Implementing PReLu #29147

MythicArrow · 2025-05-31T20:08:09Z

Implementing the Parametric ReLU from the well-known paper "Delving Deep into Rectifiers: Surpassing Human-Level Performance on ImageNet Classification", which was proposed in ICCV 2015. This function introduces a parameter named "a" that is learnable, and it allows the function to adapt during training, potentially improving model accuracy and convergence compared to standard ReLU or Leaky ReLU functions.
Denoted as: f(x) = x if x>= 0 | ax if x < 0
ArXiv link: https://arxiv.org/abs/1502.01852#

Implementing the Parametric ReLU from the well-known paper "Delving Deep into Rectifiers: Surpassing Human-Level Performance on ImageNet Classification", which was proposed in ICCV 2015.

MythicArrow · 2025-05-31T20:09:40Z

Could you please provide feedback on my implementation to confirm that it has been implemented correctly?
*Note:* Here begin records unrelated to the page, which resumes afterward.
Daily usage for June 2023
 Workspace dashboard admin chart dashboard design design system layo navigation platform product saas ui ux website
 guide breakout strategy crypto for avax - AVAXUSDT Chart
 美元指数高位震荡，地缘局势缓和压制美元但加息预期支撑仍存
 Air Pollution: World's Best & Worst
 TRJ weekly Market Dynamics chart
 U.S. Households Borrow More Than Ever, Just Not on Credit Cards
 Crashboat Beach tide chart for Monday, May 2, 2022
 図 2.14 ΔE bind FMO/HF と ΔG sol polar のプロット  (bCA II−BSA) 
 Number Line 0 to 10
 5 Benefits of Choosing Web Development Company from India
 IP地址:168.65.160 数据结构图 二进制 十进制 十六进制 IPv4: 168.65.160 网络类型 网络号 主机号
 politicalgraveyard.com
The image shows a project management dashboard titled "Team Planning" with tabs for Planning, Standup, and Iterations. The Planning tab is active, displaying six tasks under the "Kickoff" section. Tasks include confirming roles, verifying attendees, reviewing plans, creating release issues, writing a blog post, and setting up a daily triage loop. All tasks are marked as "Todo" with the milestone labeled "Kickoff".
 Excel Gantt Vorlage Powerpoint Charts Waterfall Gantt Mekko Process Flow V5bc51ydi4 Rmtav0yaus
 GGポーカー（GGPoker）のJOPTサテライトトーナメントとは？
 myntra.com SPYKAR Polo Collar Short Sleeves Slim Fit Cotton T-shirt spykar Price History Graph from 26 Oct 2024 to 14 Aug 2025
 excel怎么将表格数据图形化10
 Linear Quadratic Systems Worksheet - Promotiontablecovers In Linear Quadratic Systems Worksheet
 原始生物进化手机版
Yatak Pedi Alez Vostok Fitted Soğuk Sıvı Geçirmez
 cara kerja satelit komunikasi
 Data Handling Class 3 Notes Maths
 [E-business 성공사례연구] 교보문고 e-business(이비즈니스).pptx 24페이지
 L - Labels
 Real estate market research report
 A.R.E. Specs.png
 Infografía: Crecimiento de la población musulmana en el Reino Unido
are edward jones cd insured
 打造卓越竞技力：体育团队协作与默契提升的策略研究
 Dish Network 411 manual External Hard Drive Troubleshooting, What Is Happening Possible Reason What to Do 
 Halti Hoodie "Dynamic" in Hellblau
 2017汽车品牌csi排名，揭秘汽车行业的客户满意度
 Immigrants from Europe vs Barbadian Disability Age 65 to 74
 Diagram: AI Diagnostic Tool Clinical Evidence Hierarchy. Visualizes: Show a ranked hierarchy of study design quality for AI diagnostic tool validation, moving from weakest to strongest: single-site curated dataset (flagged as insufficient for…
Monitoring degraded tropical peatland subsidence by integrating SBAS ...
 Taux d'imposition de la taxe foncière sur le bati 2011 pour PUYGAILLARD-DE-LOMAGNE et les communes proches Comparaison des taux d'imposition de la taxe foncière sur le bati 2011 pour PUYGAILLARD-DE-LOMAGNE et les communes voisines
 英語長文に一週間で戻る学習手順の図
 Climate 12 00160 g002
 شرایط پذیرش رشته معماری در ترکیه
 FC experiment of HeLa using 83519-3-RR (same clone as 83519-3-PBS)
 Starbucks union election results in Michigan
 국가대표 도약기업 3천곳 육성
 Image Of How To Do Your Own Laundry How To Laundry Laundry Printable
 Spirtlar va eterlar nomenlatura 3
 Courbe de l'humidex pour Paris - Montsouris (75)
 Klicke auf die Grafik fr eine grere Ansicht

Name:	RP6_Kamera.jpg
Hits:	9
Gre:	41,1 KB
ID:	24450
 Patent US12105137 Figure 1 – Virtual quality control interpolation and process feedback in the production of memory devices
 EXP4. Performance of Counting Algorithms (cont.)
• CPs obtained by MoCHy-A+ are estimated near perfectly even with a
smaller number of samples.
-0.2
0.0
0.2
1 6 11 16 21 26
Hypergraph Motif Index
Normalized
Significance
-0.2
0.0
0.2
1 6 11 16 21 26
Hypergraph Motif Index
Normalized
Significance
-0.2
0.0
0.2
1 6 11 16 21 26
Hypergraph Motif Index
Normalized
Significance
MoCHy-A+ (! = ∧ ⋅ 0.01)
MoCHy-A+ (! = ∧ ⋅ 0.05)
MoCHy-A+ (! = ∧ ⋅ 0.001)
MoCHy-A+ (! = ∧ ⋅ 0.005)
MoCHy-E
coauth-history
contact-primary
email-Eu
jakevdp · 2025-06-02T18:20:48Z

Hi - thanks for the contribution! It looks like this would be a good contribution to jax.nn, but there are a number of changes we'd have to make: mainly, the a value should be an explicit parameter of the function, otherwise we wouldn't be able to differentiate with respect to it. With this in mind, the function should not take init or rng or num_parameters as arguments. Also, the implementation should probably modeled after that of the existing relu. We would also need to add tests for the new function, in tests/nn_test.py. Is this something you'd like to work on?

MythicArrow · 2025-06-02T21:17:47Z

Yes of course sir, I would.

MythicArrow · 2025-06-02T21:19:25Z

So would you willing to give me some time to work on it? Currently, I am a bit busy.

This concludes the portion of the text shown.